Review for NeurIPS paper: Removing Bias in Multi-modal Classifiers: Regularization by Maximizing Functional Entropies

NeurIPS 2020

Removing Bias in Multi-modal Classifiers: Regularization by Maximizing Functional Entropies

Review 1

Summary and Contributions: This paper proposes a regularizer which aims to encourage multi-modal discriminative classifiers to balance the contribution of each modality in its predictions. The effectiveness of this regularizer is validated on datasets with multiple modalities: Colored MNIST, VQA-CPv2, Dogs and Cats, SocialIQ. Update (following rebuttal and discussions with other reviewers). After reviewing the rebuttal materials and discussing, I maintain my positive assessment of this work. I appreciate the extensive work that went into the rebuttal to address reviewer concerns - I think this will be a useful method for the multi-modal community.

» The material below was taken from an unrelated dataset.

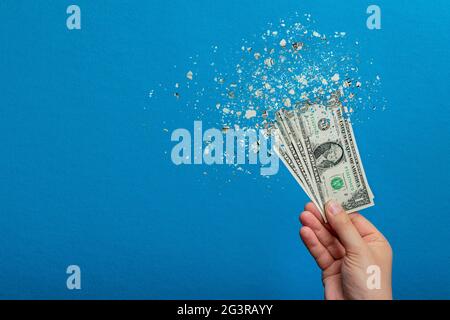 Inflation, dollar hyper inflation. Banner with blue background. One dollar bill is sprayed in the hand of a man on a blue background. Price rise conce Stock Photo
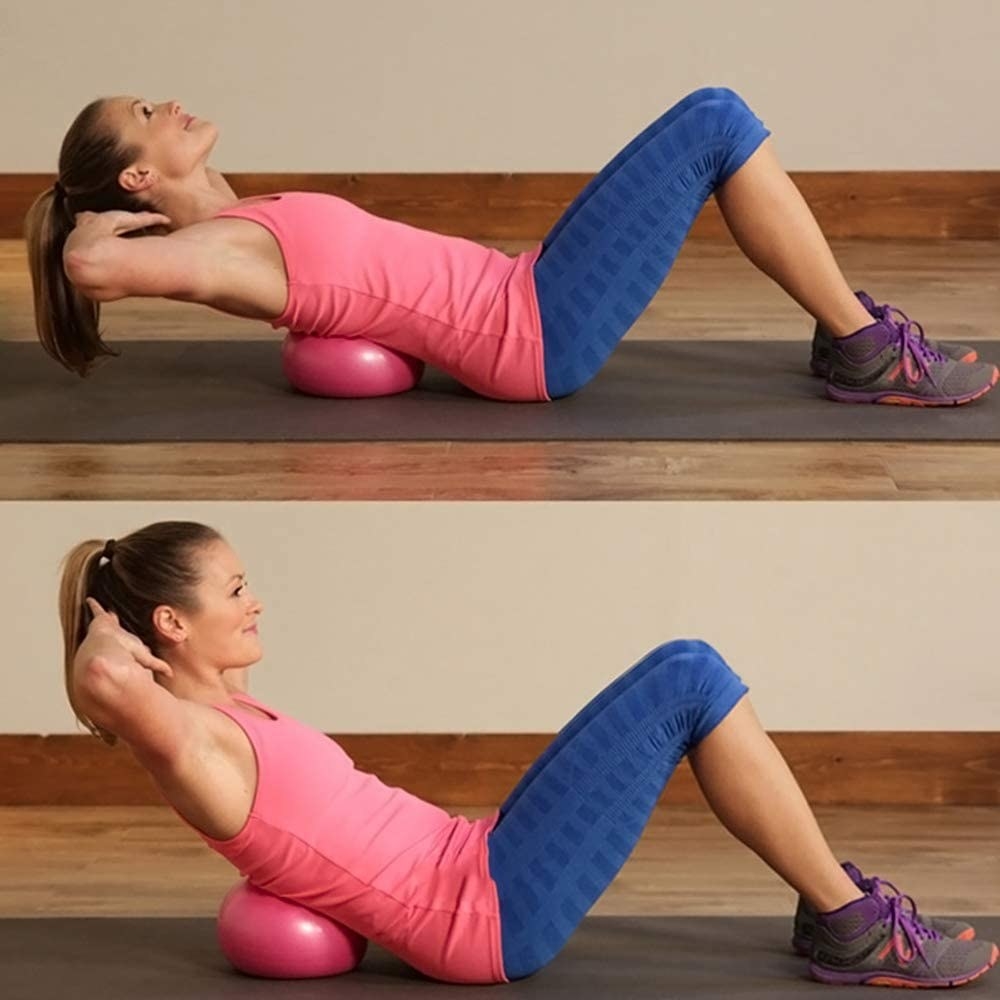 A person using the pilates ball to assist a crunch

Strengths: 1. Multi-model classification is becoming an increasingly important topic of research, with numerous applications. The proposed regularizers could see widespread adoption and impact. 2. The empirical evidence presented across multiple datasets suggests that the maximising functional entropies can be highly effective in supporting good generalization.

Weaknesses: 1. It would be useful to have an in-depth explanation of when, (if at all), this kind of regularization does not represent a useful inductive bias. For example, if one modality is a duplicate signal of a subset of another, is the model forced to make use of both redundant signals? If one modality signal is purely random, to what extent is the model performance harmed? 2. As the authors note, a number of regularizers have been developed (such as the l2-norm regularizer on the weights) which may be less appropriate for multi-modal data. It may make the work more convincing if the experiments included a wide array of popular regularizers (e.g. different kinds of weight norms etc.) to validate their claim that directly searching for the "simplest" model is not the best course of action for multimodal inputs.

Correctness: The regularizer is motivated intuitively (with regard to the benefit of maximising functional entropy), and validated empirically.

Clarity: Overall, the paper is fairly well written. I struggled to understand some of the equations on my initial read (due to some missing terms), but there is a helpful list of typos in the supplementary material which addressed my confusion.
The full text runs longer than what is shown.